── Data for analysis ──

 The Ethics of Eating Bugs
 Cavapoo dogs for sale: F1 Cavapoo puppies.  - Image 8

───
── Data for analysis ──

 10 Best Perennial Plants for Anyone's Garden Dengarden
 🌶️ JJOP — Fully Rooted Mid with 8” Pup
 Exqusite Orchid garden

───

§ **Task**
Search the listing above for the lines with "10 Best Perennial" and "Exqusite Orchid garden", then output those lines and all lines between them exactly.

§ **Output of the task**
 10 Best Perennial Plants for Anyone's Garden Dengarden
 🌶️ JJOP — Fully Rooted Mid with 8” Pup
 Exqusite Orchid garden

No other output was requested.